The muse in the mundane.
How do you, how have you found that or how have you tried to find that?
Mistakes.
All right.
Mistakes are amazing.
Mistakes are brilliant.
It's a gift to go about your day and for something, either a mistake or something
that you didn't plan, an interruption, some seeming calamity happening that allows for
you to not only respond, but to create.
And then in that moment, you have the ability to discover something that's much greater
than anything that you could invent or devise because there's something that happens with
the synapses and the way that you respond to seeming calamity that brings you to your
highest potential.
So I have to ask you about something I read when I was doing research for this, which
is always fun because I get to be like a creepy stalker online for people I know, which otherwise
would be very strange and uncomfortable for everybody.

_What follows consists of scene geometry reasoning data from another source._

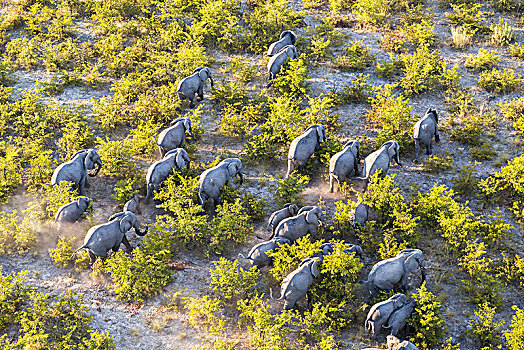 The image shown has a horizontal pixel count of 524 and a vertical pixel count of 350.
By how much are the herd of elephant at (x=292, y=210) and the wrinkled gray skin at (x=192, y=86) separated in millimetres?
37

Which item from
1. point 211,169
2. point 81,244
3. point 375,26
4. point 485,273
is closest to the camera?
point 485,273

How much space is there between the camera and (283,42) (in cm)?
2052

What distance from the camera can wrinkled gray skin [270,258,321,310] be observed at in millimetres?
11594

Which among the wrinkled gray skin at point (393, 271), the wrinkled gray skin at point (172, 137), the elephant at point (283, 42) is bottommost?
the wrinkled gray skin at point (393, 271)

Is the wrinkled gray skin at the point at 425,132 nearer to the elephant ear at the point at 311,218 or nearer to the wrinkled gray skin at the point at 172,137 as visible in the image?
the elephant ear at the point at 311,218

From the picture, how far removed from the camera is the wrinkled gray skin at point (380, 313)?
11.0 metres

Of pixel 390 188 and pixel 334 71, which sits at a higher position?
pixel 334 71

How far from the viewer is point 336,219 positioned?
1367 cm

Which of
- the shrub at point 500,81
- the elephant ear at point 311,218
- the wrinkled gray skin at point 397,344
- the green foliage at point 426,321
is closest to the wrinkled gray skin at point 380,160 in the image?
the elephant ear at point 311,218

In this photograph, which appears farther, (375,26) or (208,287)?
(375,26)

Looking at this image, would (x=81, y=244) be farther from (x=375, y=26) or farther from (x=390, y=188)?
(x=375, y=26)

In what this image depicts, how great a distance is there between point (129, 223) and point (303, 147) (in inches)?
224

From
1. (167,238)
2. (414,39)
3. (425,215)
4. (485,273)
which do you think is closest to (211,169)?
(167,238)

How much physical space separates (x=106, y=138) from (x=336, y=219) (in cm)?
824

And I was reading this piece from The Guardian and I want to ask about introspection because
you're very reflective and I admire that.
I mean, you seem to have cultivated self-awareness
in a lot of what you do.
In this Guardian piece, they said, maybe that's
because he didn't speak until he was 10 or
something along those lines.
Did you not speak for a lot of your, I guess,
childhood given the framing that they put in the article?

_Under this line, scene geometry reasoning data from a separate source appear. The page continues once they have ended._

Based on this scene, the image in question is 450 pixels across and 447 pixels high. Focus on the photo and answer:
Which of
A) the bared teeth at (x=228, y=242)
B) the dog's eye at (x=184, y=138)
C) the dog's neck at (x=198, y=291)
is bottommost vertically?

Man, you know, what's amazing is those years, I
don't have so many memories of those years
either.
And I don't understand why.
I've just started to excavate that more and more in the last year, just trying to figure
out what was going on.
What was the context?
And for all intents and purposes, my life has truly been blessed.
I've had such a great upbringing, but there was something about being born into the world
that felt like I needed to observe before I participated.
Felt like I needed to watch what was happening and synthesize what was happening.
All the different perspectives, all the different personalities growing
around a lot of colorful personalities, a lot of sounds and rhythms, a lot of life,
life force energy and a lot of danger.
So I think the aspect of being in all of that meeting my natural state, my innate makeup.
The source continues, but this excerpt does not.